Il est important aussi de savoir reconnaitre l'équivalent de ces "règles" venant de cultures différentes, et de les accepter, de ne pas les stigmatiser, si possible d'en comprendre toute la complexité et ce que signifie pour les femmes de les suivre ou de ne pas le faire. Dans une France qui est venue interdire aux femmes l'accès à un espace public à cause d'une tenue (le burkini pour celles et ceux qui vivent dans une grotte).

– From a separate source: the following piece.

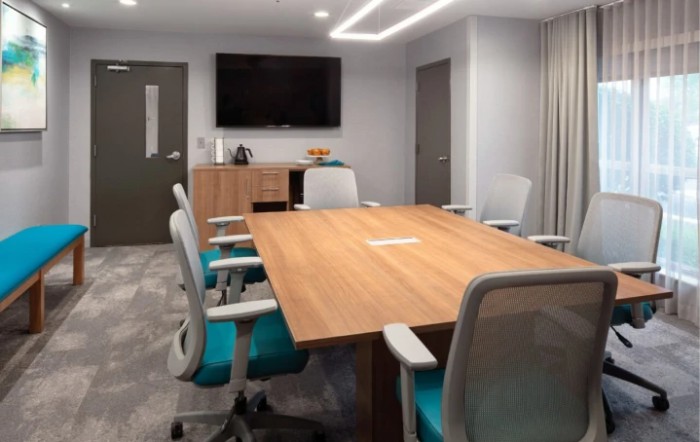 A modern conference room with a wooden table, ergonomic chairs, and a large TV screen.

Cet exemple est extrêmement révélateur des oppressions que subissent les femmes en Occident et de leurs intersections avec le racisme présent en France. Tout comme la loi de 2004 qui, de manière détournée, restreint l'accès à l'éducation d'une certaine frange de la population (gros spoiler: des femmes racisées musulmanes), le burkini et le voile deviennent alors des instruments pour garder sous contrôle cette population et lui apprendre à se sentir illégitime dans l'espace public en France. Illégitimité que ces femmes vont porter et peut-être transmettre à leurs enfants par le biais de la socialisation. C'est ainsi qu'on garde sous contrôle des populations entières de personnes immigrées et qu'elles n'ont plus le courage de manifester leur mécontentement devant l'absurdité de certaines lois, comme celle de 2004 (Christine Delphy dans Je ne suis pas féministe mais, de Florence Tissot et Sylvie Tissot, 2015). 

Et ainsi je conclurais sur le fait que cette répression et cette oppression faites à travers la norme est en réalité un mécanisme qui crée un sentiment d'illégitimité chez les femmes. Pour elles, pour valoir quelque chose dans la société, il faut être irréprochables, soit suivre ces règles à la lettre. Dans mes précédents articles j'expliquais comment utiliser des outils patriarcaux étaient parfois nécessaire et permettait aux femmes de s'émanciper d'une condition pire, ou par exemple de s'élever socialement. Mais c'est donc pour elles, une oppression et une source d'illégitimité, si ne pas se conformer pas à ces règles strictes empêchent une émancipation et une ascension sociale. Il est donc, à mon sens, plus que nécessaire de pouvoir dénoncer ces outils d'oppression, et détruire cette fameuse répression qui lui est attachée et qui restent des marqueurs de cette oppression, donc être bienveillante envers celles qui décident de braver l'interdit et envers celles qui ont besoin de se conformer.